В доме было тихо. Ни работающего радио или телевизора, один только шум моря влетал в открытое окно гостиной.
Мне было интересно, как моя мать смогла столько лет прожить в этом гигантском старом доме в одиночестве, но тут я вспомнила, что она вообще предпочитала быть одна, иначе никогда бы нас не оставила.
– Проходи на кухню, – сказала мама. – Я как раз собиралась поставить чайник. Ты выглядишь неважно, так что чашечка чая тебе точно не помешает.
Решив держать себя в руках, я последовала за ней.
Стены кухни были выкрашены в желтый, а на них красовались шкафы из вишневого дерева, а посередине возвышался стол с новенькой столешницей из гранита. На окнах были резные наличники зеленого цвета. Рядом с задней дверью стоял высокий встроенный книжный шкаф, где мама хранила кулинарные книги – раньше его тут не было. Кое-что из обстановки изменилось. Исчез стол в стиле 50-х годов с белой столешницей и сверкающими хромированными ножками.
– Когда ты купила этот шкаф? – спросила я, проведя рукой по дереву. – Он восхитителен.
– Правда? – ответила она. – Всегда считала, что этому старому домику под стать исключительно мебель в традиционном стиле.
Мама права. Дом был в стиле эпохи викторианской Англии. Зачем здесь нужен стол с алюминиевыми ножками.
– Садись, пожалуйста, – сказала мама и зажгла конфорку.
Я потерла руки и села, думая, как долго еще мы будем соблюдать эти ритуалы вежливости, прежде чем она, наконец, ответит на мои вопросы и сможет все со мной обсудить.
Пару минут мама что-то искала по всей кухне. Наконец она нашла чайные пакетики и промыла чайник.
– Может быть, ты удивишься, – сказала мама, – но я всегда была в курсе событий твоей жизни. Твой отец мне все рассказывал, особенно когда случилось несчастье с Меган.
У меня аж сердце дрогнуло, так неожиданно это оказалось для меня, особенно то, что моя мать говорила про Меган.
– Рассказывал? Вы что, поддерживаете связь?

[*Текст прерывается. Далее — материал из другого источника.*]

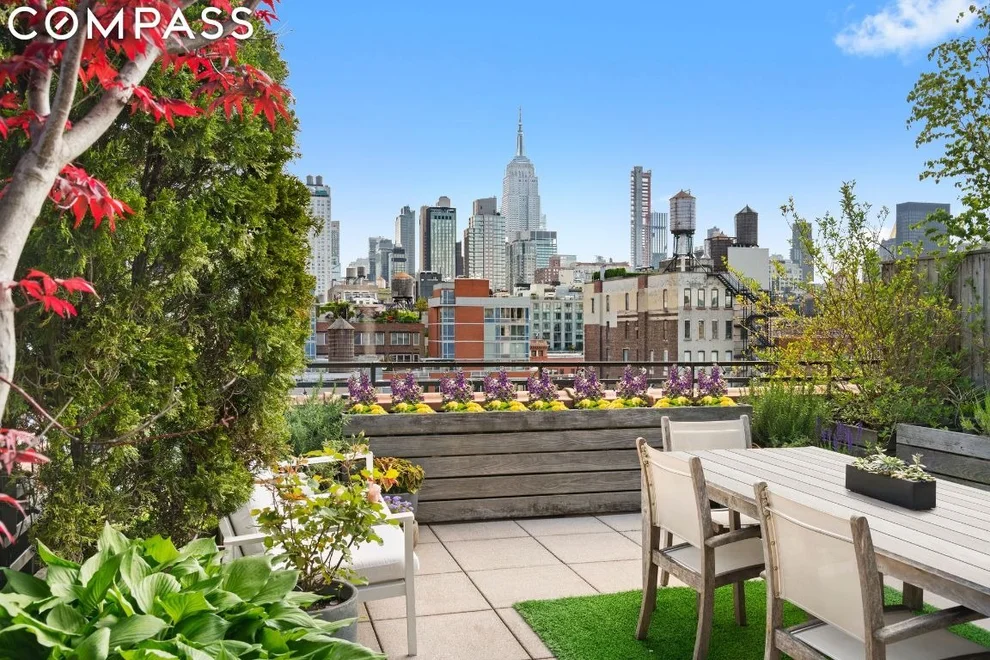 Unit for sale at 161 W 15th Street, Manhattan, NY 10011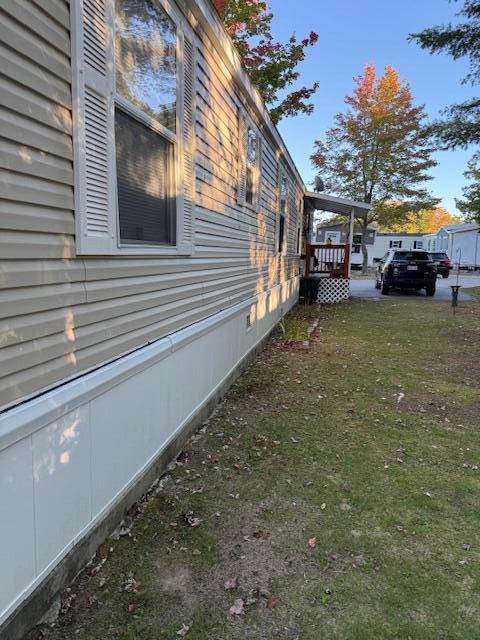 5 Locust Drive, Norway, ME, 04268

Папа никогда не говорил об этом.
– Да, – ответила она. – Я знаю, тебе трудно это принять. Мне очень жаль, Софи. Мне грустно, что я так и не успела познакомиться с Меган.
У меня в горле запершило. Я ни слова не могла вымолвить. Мне все еще было больно говорить о дочери, а еще больнее оттого, что моя мать отсутствовала все эти годы и даже не послала открытку с соболезнованиями, хотя знала, что происходит… Лучше не стало. И, конечно же, я ничуть не была заинтересована сглаживать ее вину.
Мама одарила меня взглядом, в котором читалось все, кроме одобрения.